*Given information*
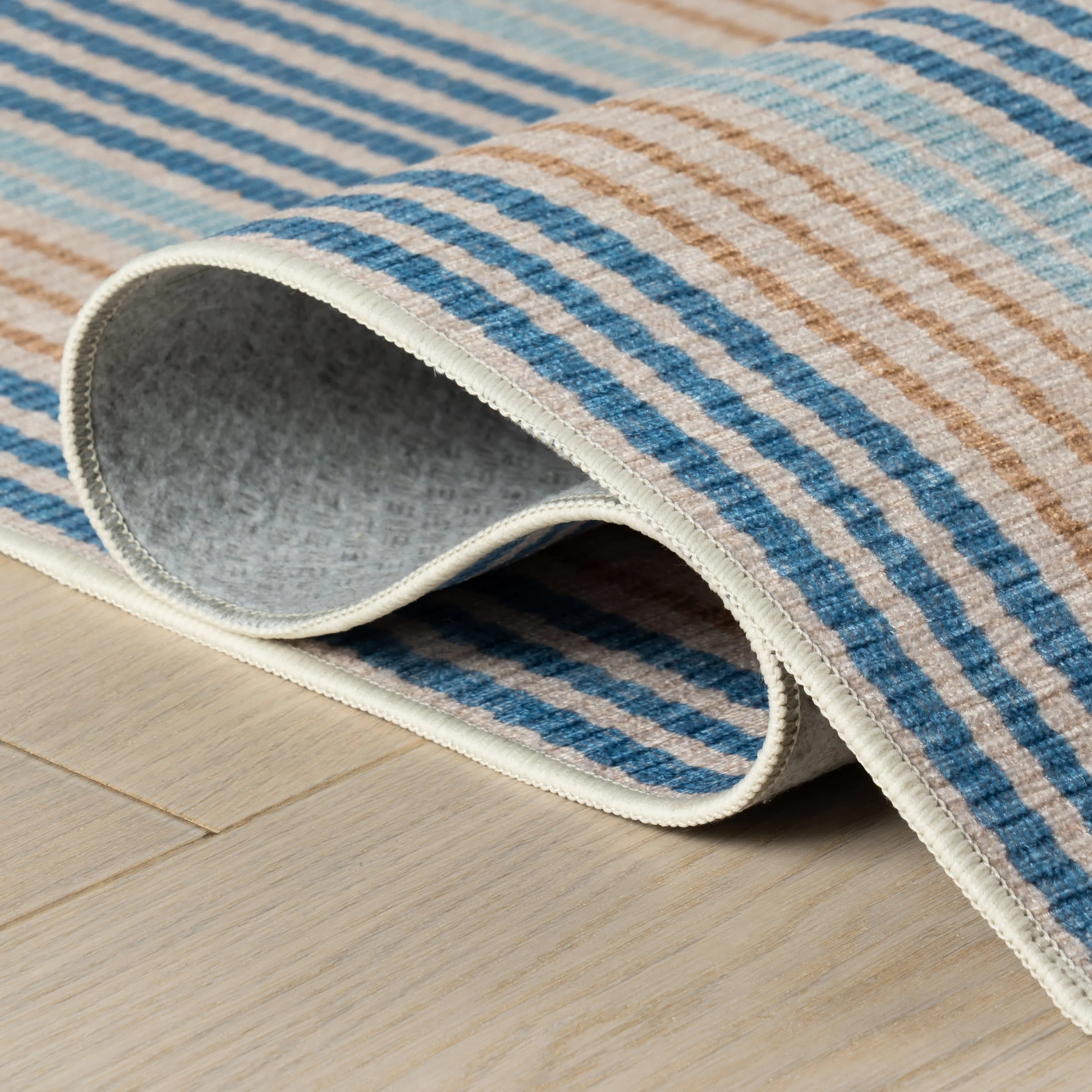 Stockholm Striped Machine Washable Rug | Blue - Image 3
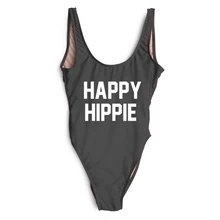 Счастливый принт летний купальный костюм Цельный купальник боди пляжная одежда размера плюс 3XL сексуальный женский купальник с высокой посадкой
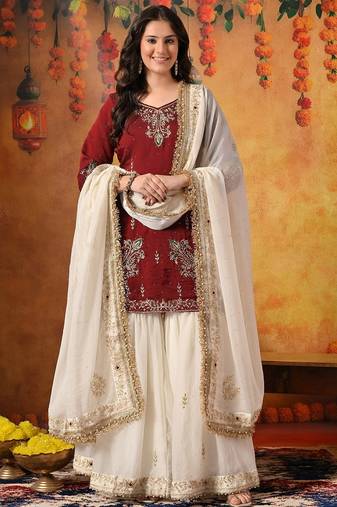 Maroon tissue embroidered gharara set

*Problem details*
Leaving all pictures aside, print exactly the lines from the one that contains "Счастливый принт летний" through the last line of the data above, inclusive.

*Response to this task*
 Счастливый принт летний купальный костюм Цельный купальник боди пляжная одежда размера плюс 3XL сексуальный женский купальник с высокой посадкой
 Maroon tissue embroidered gharara set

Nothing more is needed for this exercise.